But if you really want to set your head spinning, try to follow the arguments when the parties talk about each others’ changes.
NDP candidate Carole James confirmed this week some of the details that would follow the party’s plan to abolish the standalone tax.
The platform promise is to create a non-partisan panel to advise on how to phase out “this unfair flat tax” in four years while protecting health-care funding. But eliminating a tax doesn’t mean eliminating the cost of paying for health care. Taxpayers are still going to cover multibillion-dollar health-care costs. The argument is about how.
James, who is co-chair of the party’s platform committee, said the plan is to switch to a progressive tax system, rather than the current system of charging the same amount to everyone who earns more than about $42,000 ($50,000 for families).
She didn’t specify income tax, although it’s inferred from her comments.
“So will the highest income earners pay a little more? Yes. And will we protect low- and middle-income earners? Yes.”
But low-income earners are already protected, by being exempted. About half the population doesn’t pay MSP, due to numerous refinements over the years, including the move to exempt all children. The downside to those benefits is that everyone else pays more.
Premiums have doubled over the past 16 years, as the government tries to maintain MSP premiums as a big revenue source, while collecting it from fewer and fewer people.
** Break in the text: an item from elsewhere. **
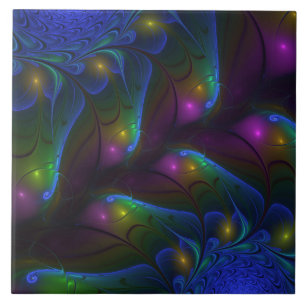 Farbige Leuchtende Abstrakte Moderne Trippy-Frakta Fliese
One wrinkle in any plans to eliminate MSP is that as many as a million people have premiums paid by their employers. So eliminating premiums would mean little to those individuals, other than not having to pay at tax time for a taxable benefit. It’s corporations employing those people and paying those premiums that would get the break.
The trick is to change the system so people don’t wind up paying more in income tax to cover the elimination of premiums they didn’t pay in the first place.
The B.C. Liberals made their MSP move in the budget, announcing plans to cut premiums in half for everyone earning under $120,000 a year. It’s only half the loaf that the NDP promised, but it’s presented as a real tax cut (up to $900 a year), in that no corresponding increases elsewhere are contemplated.
The Liberals are trying to highlight the misleading impression the NDP left by promising to eliminate a tax, then confirming it’s just going to be replaced by something better. But it was widely assumed that straight-up elimination isn’t in the cards, since it would cost the government an enormous amount of money.
It will bring in $2.5 billion this year. If the Liberal cut takes effect next year, it would collect $1.76 billion.
The B.C. Greens have a similar switchover from premiums to income-tax hikes in their plans.
The NDP is firing back by saying the other part of the Liberal MSP promise is starting to fall apart. Along with the 50 per cent cut, the Liberals matched their opponents by stressing they intend to begin the process of eliminating premiums.
But that is a long-range idea that looks even further away given subsequent Liberal talk about how it will happen when the economy can afford it.
The rest of Canada either never devised standalone premiums, or got rid of them in some fashion years ago. So it is doable.
But there are a lot of confusing arguments to get through in B.C. before the province falls in line.
Liberals say the NDP promise to wipe it out is fake, since it will just be replaced by something else.
The NDP says the Liberals are only going halfway, and only up to a certain income limit. And their vague promise to go further is fading into the distance.
The argument over the past few years has succeeded in moving the dial. The vote on May 9 will decide how and how far that continues.